• [RECORDS SHOWN]
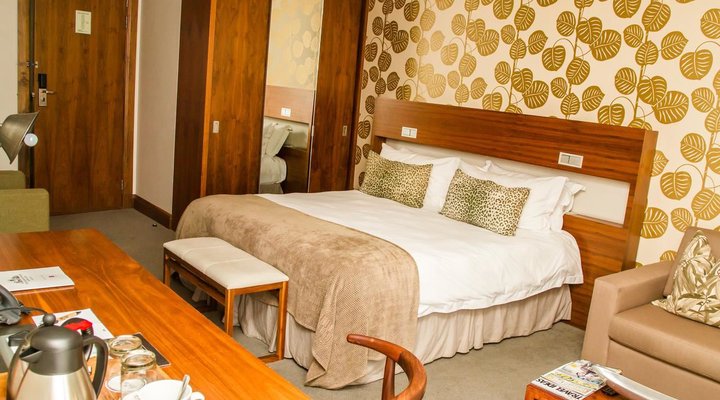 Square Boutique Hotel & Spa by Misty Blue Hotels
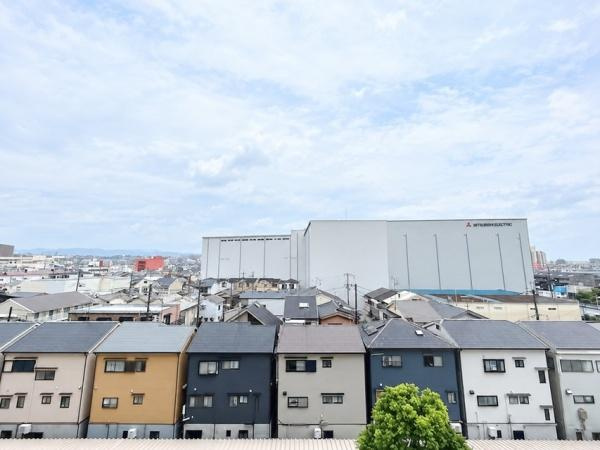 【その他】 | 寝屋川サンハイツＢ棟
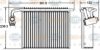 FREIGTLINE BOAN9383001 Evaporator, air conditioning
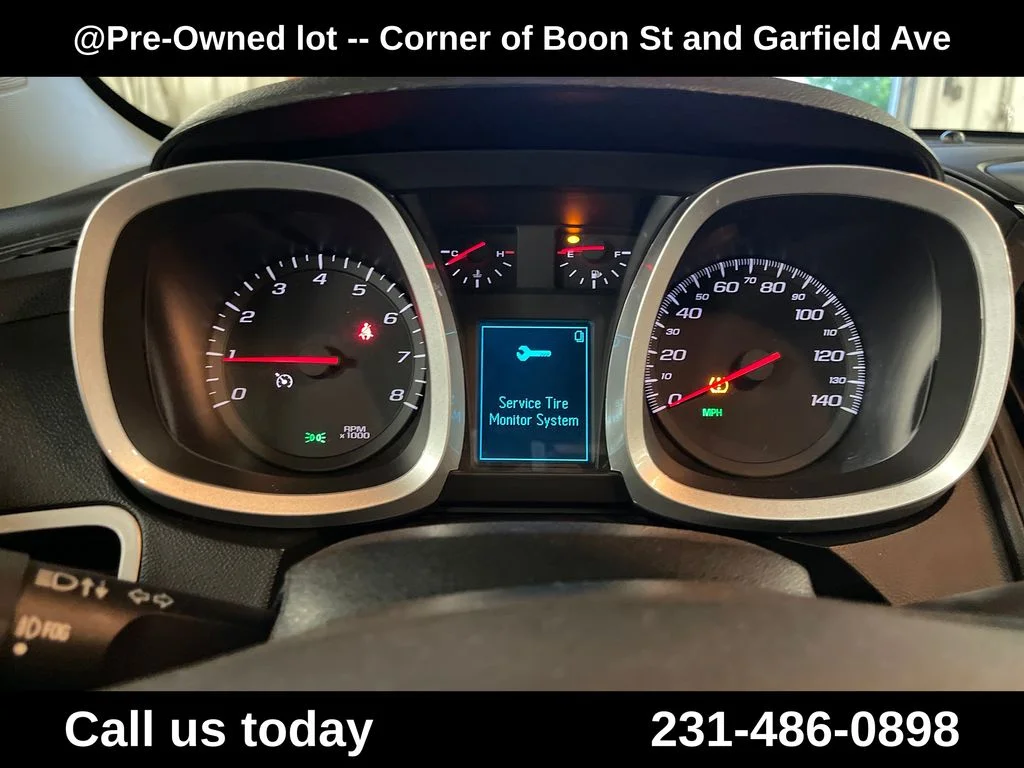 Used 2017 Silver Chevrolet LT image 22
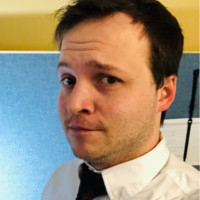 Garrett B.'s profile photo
---
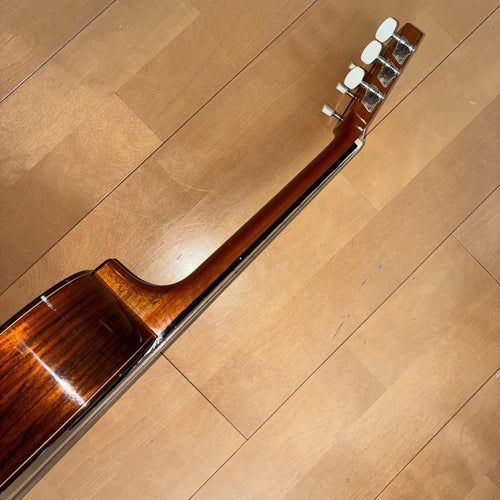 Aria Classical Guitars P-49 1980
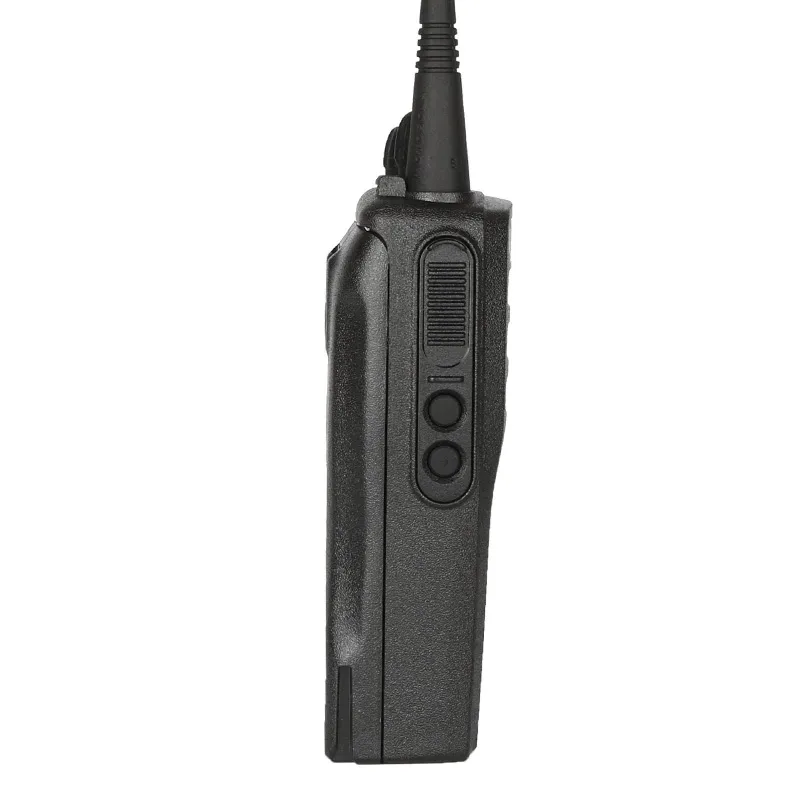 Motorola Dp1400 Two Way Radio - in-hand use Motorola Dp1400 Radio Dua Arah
* * *
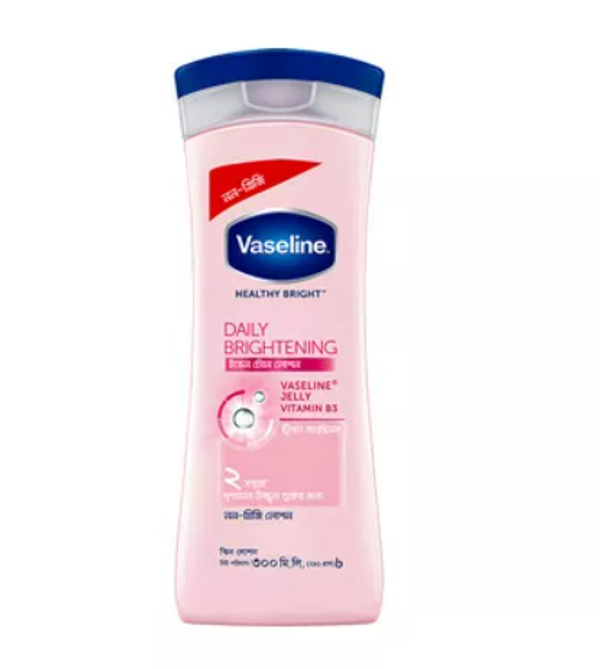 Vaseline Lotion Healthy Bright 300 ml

• [TASK] Of the lines above, quote exactly those from the one with "Square Boutique Hotel" through the one with "Garrett B.'s profile photo", ends included; pictures stay out.

• [ANSWER FOR THIS EXERCISE]
 Square Boutique Hotel & Spa by Misty Blue Hotels
 【その他】 | 寝屋川サンハイツＢ棟
 FREIGTLINE BOAN9383001 Evaporator, air conditioning
 Used 2017 Silver Chevrolet LT image 22
 Garrett B.'s profile photo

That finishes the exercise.